◆ Task directions
Once the images are set aside, return every entry exactly.

Saved data entries
★ ★ ★ ★ ★ ★ ★

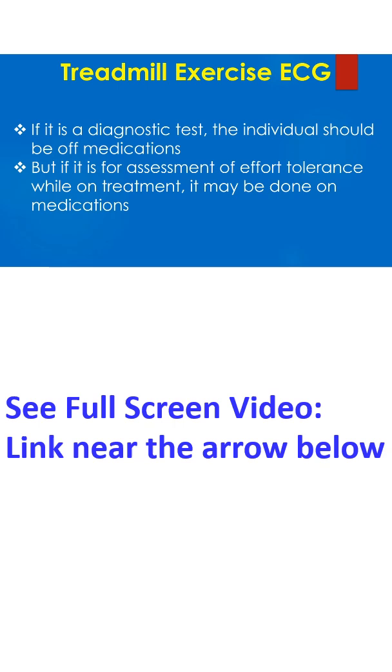If it is a diagnostic test, the individual should be off medications. But if it is for assessment of effort tolerance while on treatment, it may be done on medications.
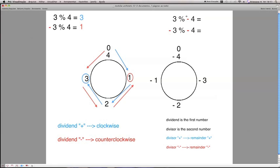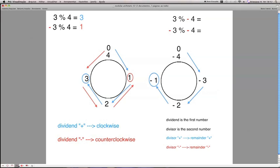Now let's see another expression: 3 modulus minus 4. Here we have minus 4, so our number line — our circle — goes from minus 4 to 0: minus 4, minus 3, minus 2, minus 1, and 0. We have 3 as the number of steps, and 3 is positive, so the direction is clockwise. Let's go 1, 2, 3 — we reach minus 1. So minus 1 is our answer, the remainder of this expression.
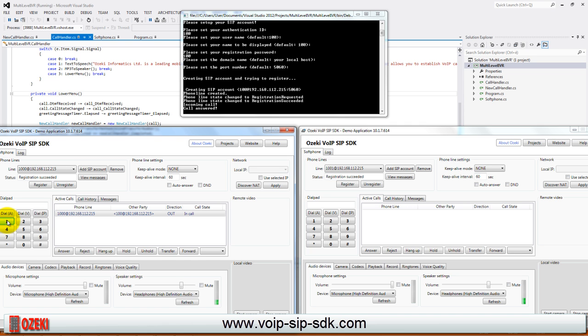Ozeki Informatics Limited is a leading mobile messaging software vendor and Ozeki Voice SIP SDK is an excellent software development kit that allows you to establish voice calls from your application easily and quickly. You do not need to have expert programming skills. With the most basic programming knowledge you will be able to create extraordinary voice solutions with this tool.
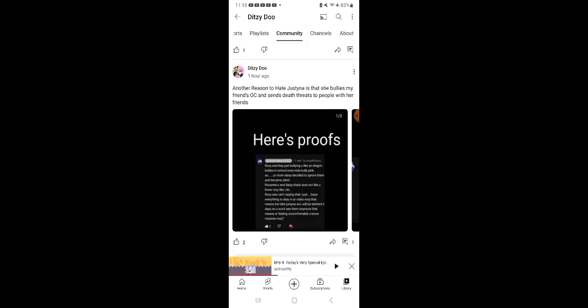They just narc you. Wow, yo Dragon, narcs in school. Even Reds narc Pink. So your mom Daisy said to ignore them and became silent.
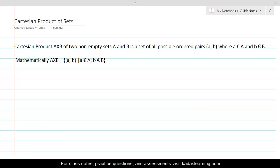The Cartesian product A cross B of two non-empty sets A and B is a set of all possible ordered pairs (a, b), where the first element of the ordered pair comes from set A and the second element of the ordered pair comes from set B.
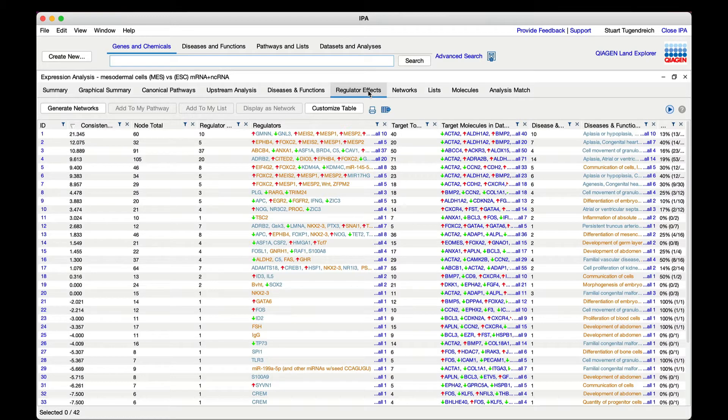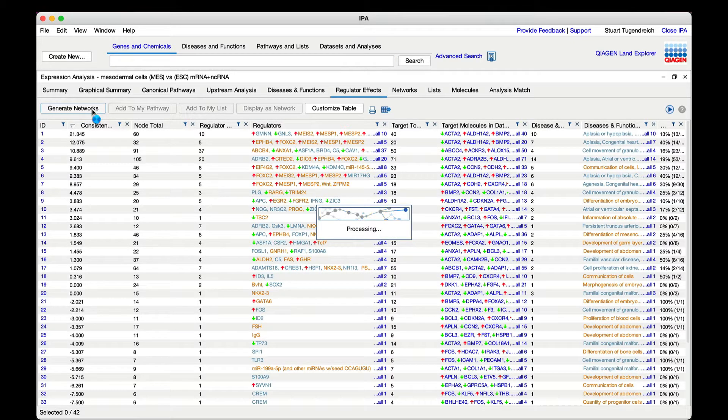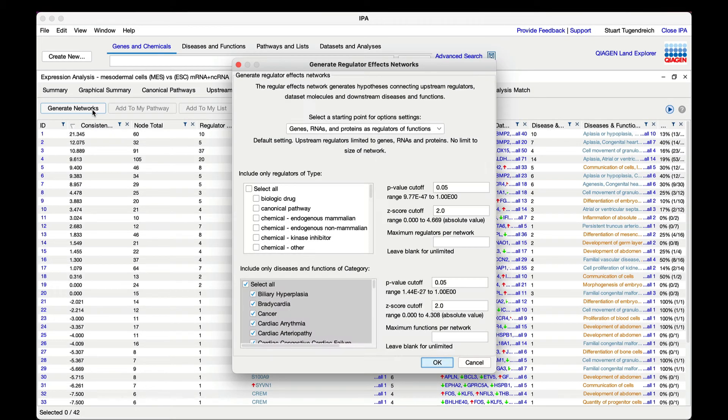Open the mesoderm analysis and click the regulator effects tab. Now click the generate networks button in the toolbar to reconstruct the networks in a different way with a single drug or compound as the upstream regulator in each network.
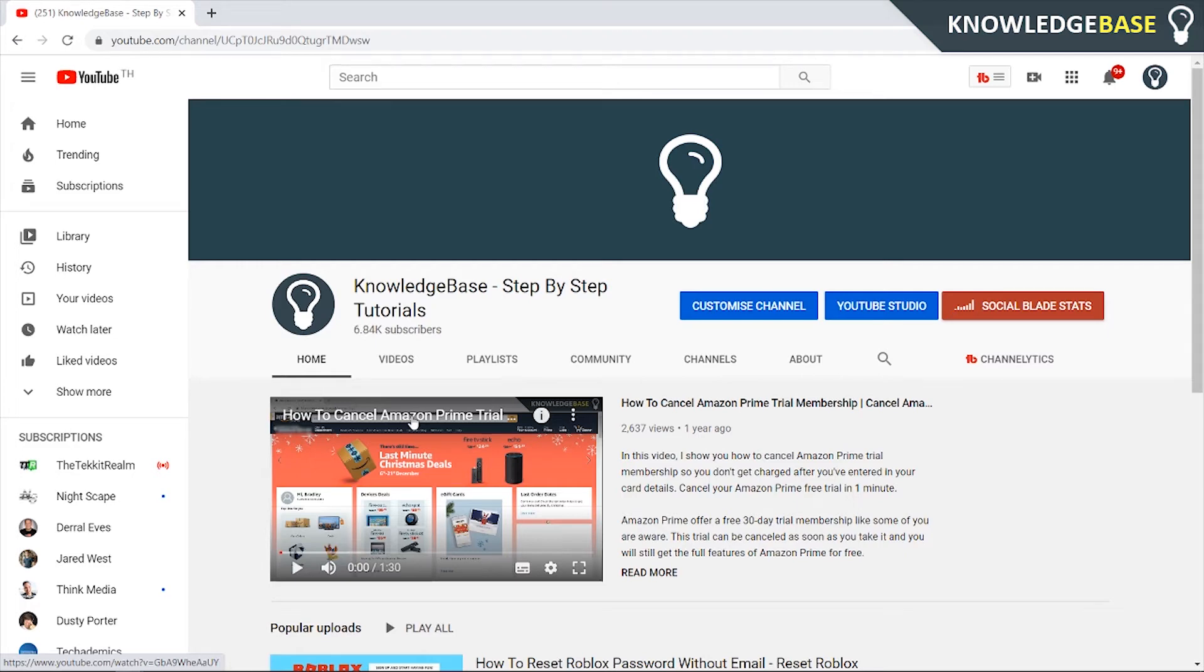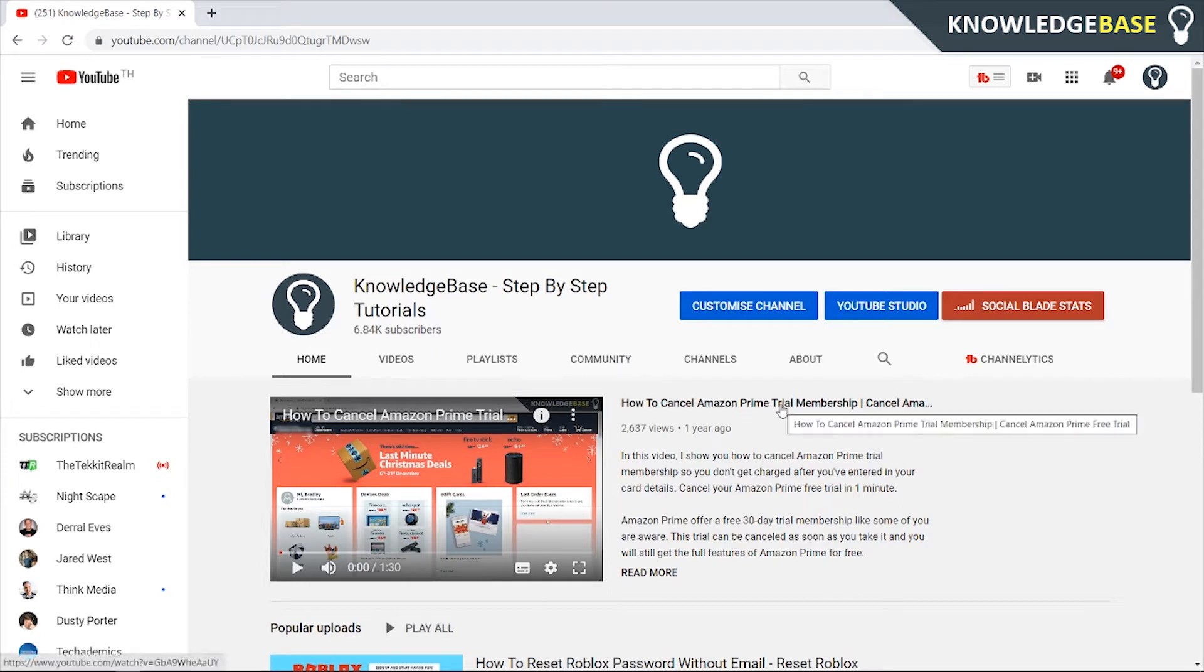In today's video, I'll show you how to add a featured video to your YouTube channel to make it look more professional and show new viewers a featured video. Here's what you need to do.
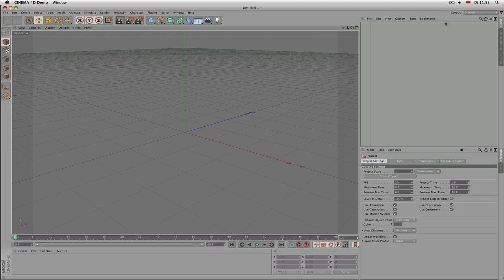Welcome. This tutorial is about modeling with polygons. Modeling with polygons is a pretty straightforward way of creating objects without the need to use splines or surfaces we create based on splines. But before we start, let's talk about some basic things.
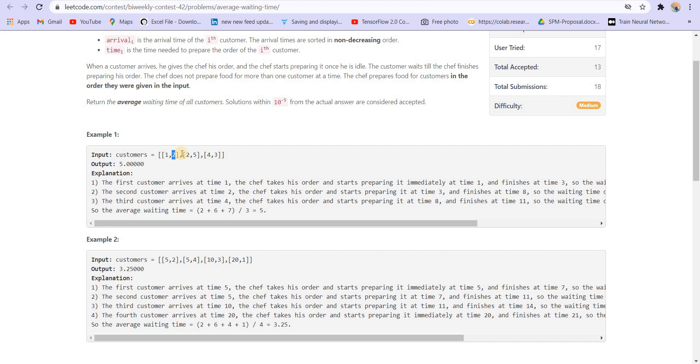So the first customer will have to wait for two unit time from one till three. And meanwhile, he's preparing the order for the first customer. The second customer arrives at time two. And the chef will start preparing his order once he's finished with the first customer. So he's finished with the first customer at time three, then he will start preparing for this.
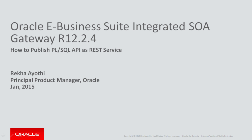Welcome to this tutorial on Oracle E-Business Suite Integrated SOA Gateway. I'm Rekha Ayoti, Principal Product Manager for Integrated SOA Gateway and other integration related products from E-Business Suite.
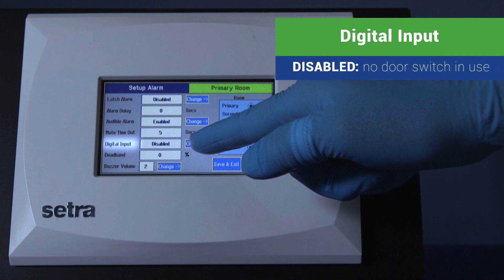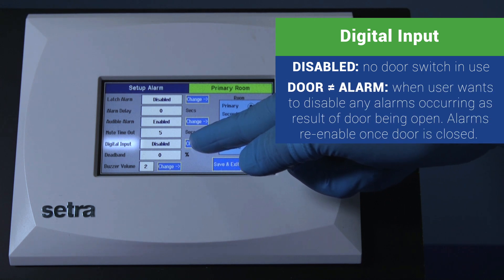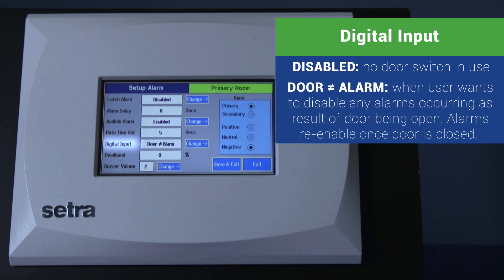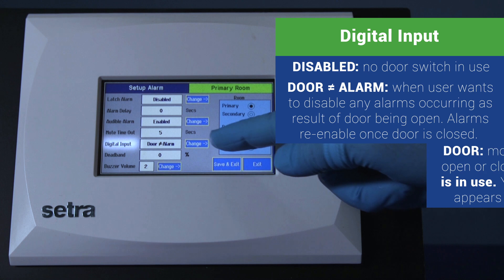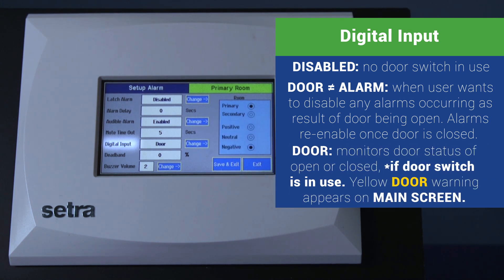Digital input — disabled: no door switch is being used. Door does not alarm. This function is used when the user wants to disable any alarms that are occurring as a result of the door being open. The alarms will be re-enabled once the door is closed. Door: this monitors door status of open or closed. If a door switch is being used, a yellow door warning on the home screen will show.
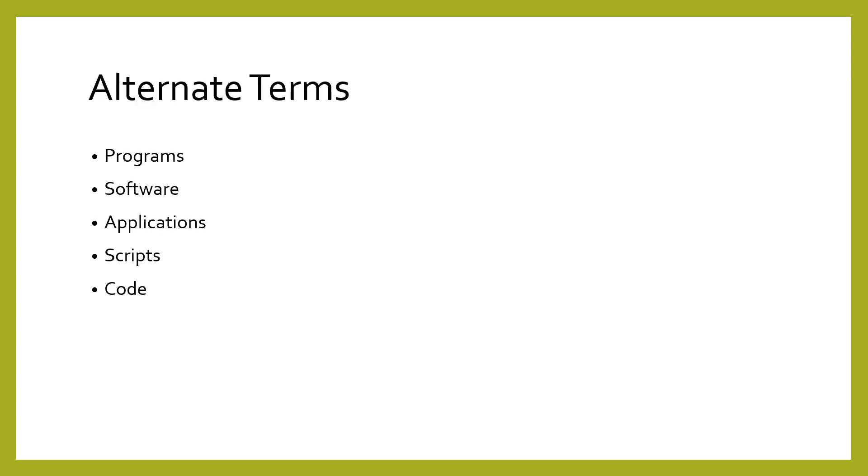Just a note on terminology. Programs are sometimes called software, applications, code, and scripts.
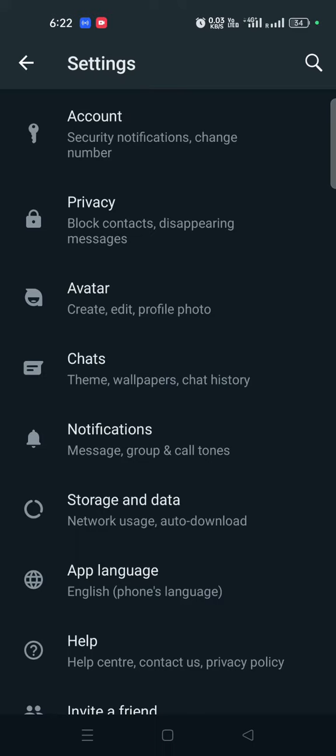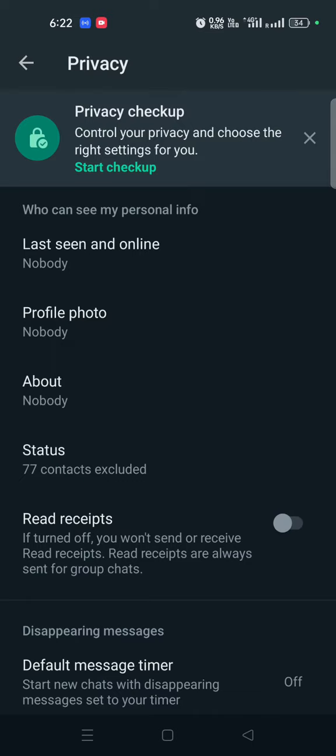We are going to share this video. First thing, we are going to open WhatsApp. We are going to talk about privacy, so you can click on Privacy.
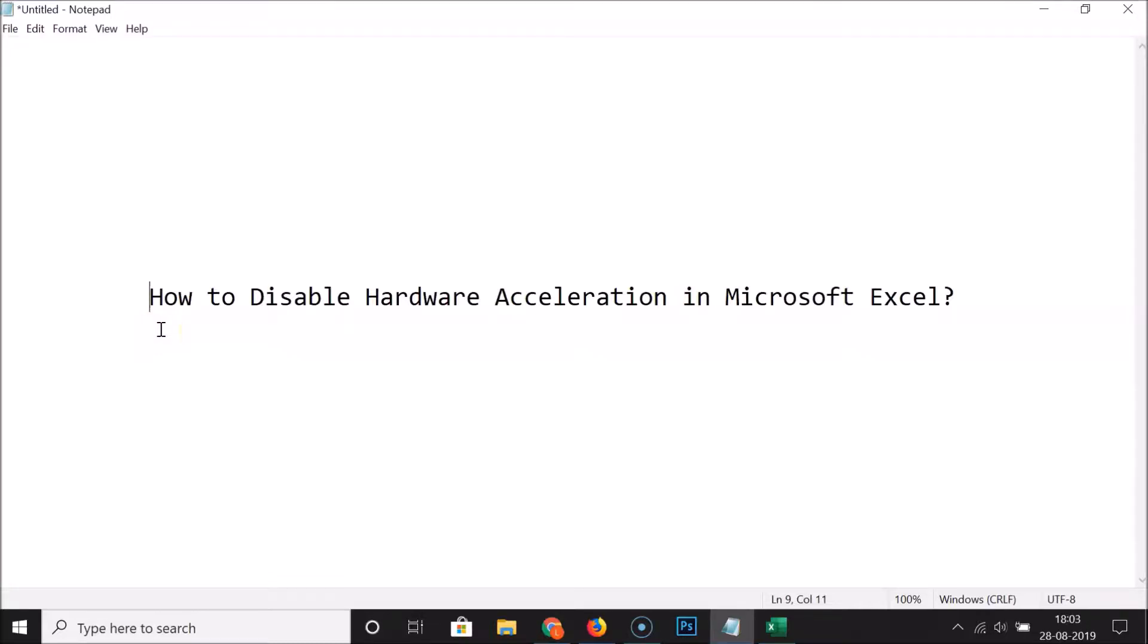Hi guys, in this tutorial I'm going to show you how to disable hardware acceleration in Microsoft Excel.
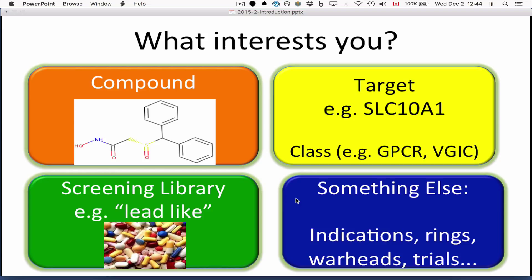You might be interested in rings, which many medicinal chemists are. You might be interested in particular warheads like hydroxamic acids or covalent moieties, nucleophiles and electrophiles. You might be interested in clinical trials. Zinc can help you answer all kinds of questions, and this series of videos will attempt to show you how to use Zinc as a tool.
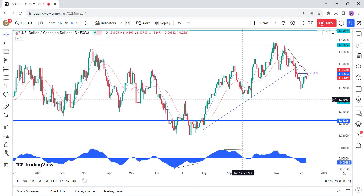In Canada, the BOC kept the interest rate steady at 5% as expected, with the usual caveat that it's prepared to raise the policy rate further if needed. BOC Governor Macklem has recently been leaning to a more neutral side as inflation continues to abate. The recent Canadian CPI missed expectations across the board and the underlying inflation measures eased, which was a welcome development for the BOC.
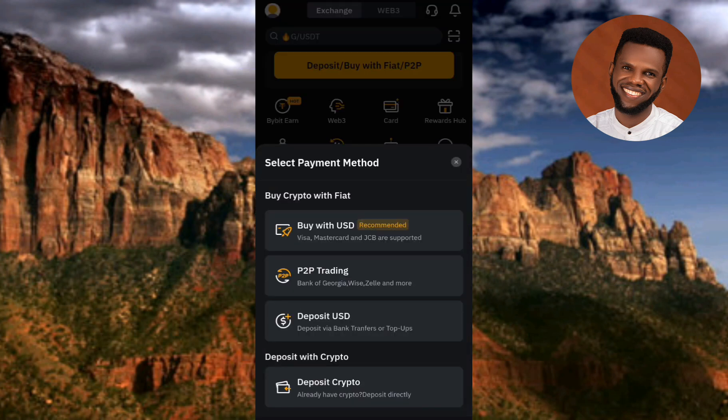Under 'Select Payment Method,' tap on where you can see 'Deposit with Crypto' — the arrow is pointing at it. Let me tap on it right away.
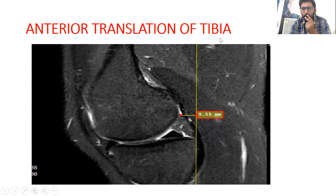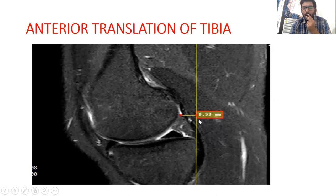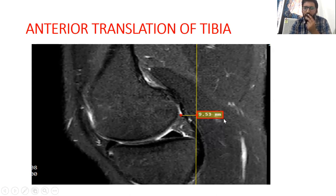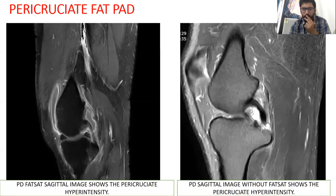Anterior translation of the tibia is the radiological analogue of the anterior drawer sign. A line is drawn along the most posterior part of the tibia and the most posterior part of the femur. If the distance between these two lines is more than 5mm, the anterior translation of tibia test is said to be positive — as in this case, where it is 9.5mm.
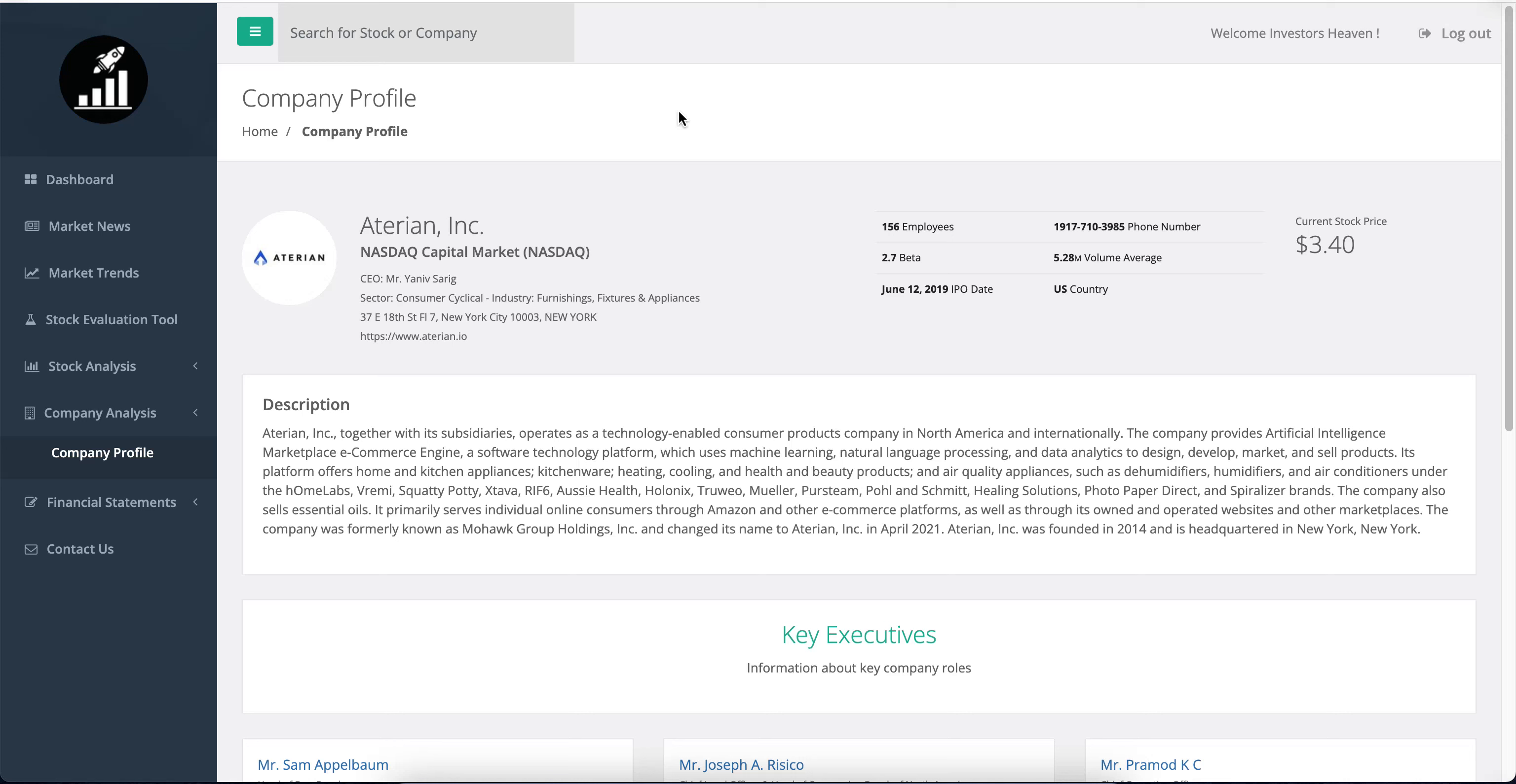Hello everyone. Some companies are trading in the stock market that a lot of people are talking about, and one of these is the very small company named Atarian. You'll see this is a very small company with 156 employees. Look at this beta—it means the company is very volatile, going up and down a lot. It's a recent IPO from 2019.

★ ★ ★ ★ ★ ★ ★

◆ Exercise result
If it is a diagnostic test, the individual should be off medications. But if it is for assessment of effort tolerance while on treatment, it may be done on medications.
Now let's see another expression: 3 modulus minus 4. Here we have minus 4, so our number line — our circle — goes from minus 4 to 0: minus 4, minus 3, minus 2, minus 1, and 0. We have 3 as the number of steps, and 3 is positive, so the direction is clockwise. Let's go 1, 2, 3 — we reach minus 1. So minus 1 is our answer, the remainder of this expression.
Ozeki Informatics Limited is a leading mobile messaging software vendor and Ozeki Voice SIP SDK is an excellent software development kit that allows you to establish voice calls from your application easily and quickly. You do not need to have expert programming skills. With the most basic programming knowledge you will be able to create extraordinary voice solutions with this tool.
They just narc you. Wow, yo Dragon, narcs in school. Even Reds narc Pink. So your mom Daisy said to ignore them and became silent.
The Cartesian product A cross B of two non-empty sets A and B is a set of all possible ordered pairs (a, b), where the first element of the ordered pair comes from set A and the second element of the ordered pair comes from set B.
Open the mesoderm analysis and click the regulator effects tab. Now click the generate networks button in the toolbar to reconstruct the networks in a different way with a single drug or compound as the upstream regulator in each network.
In today's video, I'll show you how to add a featured video to your YouTube channel to make it look more professional and show new viewers a featured video. Here's what you need to do.
Welcome. This tutorial is about modeling with polygons. Modeling with polygons is a pretty straightforward way of creating objects without the need to use splines or surfaces we create based on splines. But before we start, let's talk about some basic things.
So the first customer will have to wait for two unit time from one till three. And meanwhile, he's preparing the order for the first customer. The second customer arrives at time two. And the chef will start preparing his order once he's finished with the first customer. So he's finished with the first customer at time three, then he will start preparing for this.
Welcome to this tutorial on Oracle E-Business Suite Integrated SOA Gateway. I'm Rekha Ayoti, Principal Product Manager for Integrated SOA Gateway and other integration related products from E-Business Suite.
Digital input — disabled: no door switch is being used. Door does not alarm. This function is used when the user wants to disable any alarms that are occurring as a result of the door being open. The alarms will be re-enabled once the door is closed. Door: this monitors door status of open or closed. If a door switch is being used, a yellow door warning on the home screen will show.
Just a note on terminology. Programs are sometimes called software, applications, code, and scripts.
We are going to share this video. First thing, we are going to open WhatsApp. We are going to talk about privacy, so you can click on Privacy.
Hi guys, in this tutorial I'm going to show you how to disable hardware acceleration in Microsoft Excel.
You might be interested in rings, which many medicinal chemists are. You might be interested in particular warheads like hydroxamic acids or covalent moieties, nucleophiles and electrophiles. You might be interested in clinical trials. Zinc can help you answer all kinds of questions, and this series of videos will attempt to show you how to use Zinc as a tool.
In Canada, the BOC kept the interest rate steady at 5% as expected, with the usual caveat that it's prepared to raise the policy rate further if needed. BOC Governor Macklem has recently been leaning to a more neutral side as inflation continues to abate. The recent Canadian CPI missed expectations across the board and the underlying inflation measures eased, which was a welcome development for the BOC.
Under 'Select Payment Method,' tap on where you can see 'Deposit with Crypto' — the arrow is pointing at it. Let me tap on it right away.
Anterior translation of the tibia is the radiological analogue of the anterior drawer sign. A line is drawn along the most posterior part of the tibia and the most posterior part of the femur. If the distance between these two lines is more than 5mm, the anterior translation of tibia test is said to be positive — as in this case, where it is 9.5mm.
Hello everyone. Some companies are trading in the stock market that a lot of people are talking about, and one of these is the very small company named Atarian. You'll see this is a very small company with 156 employees. Look at this beta—it means the company is very volatile, going up and down a lot. It's a recent IPO from 2019.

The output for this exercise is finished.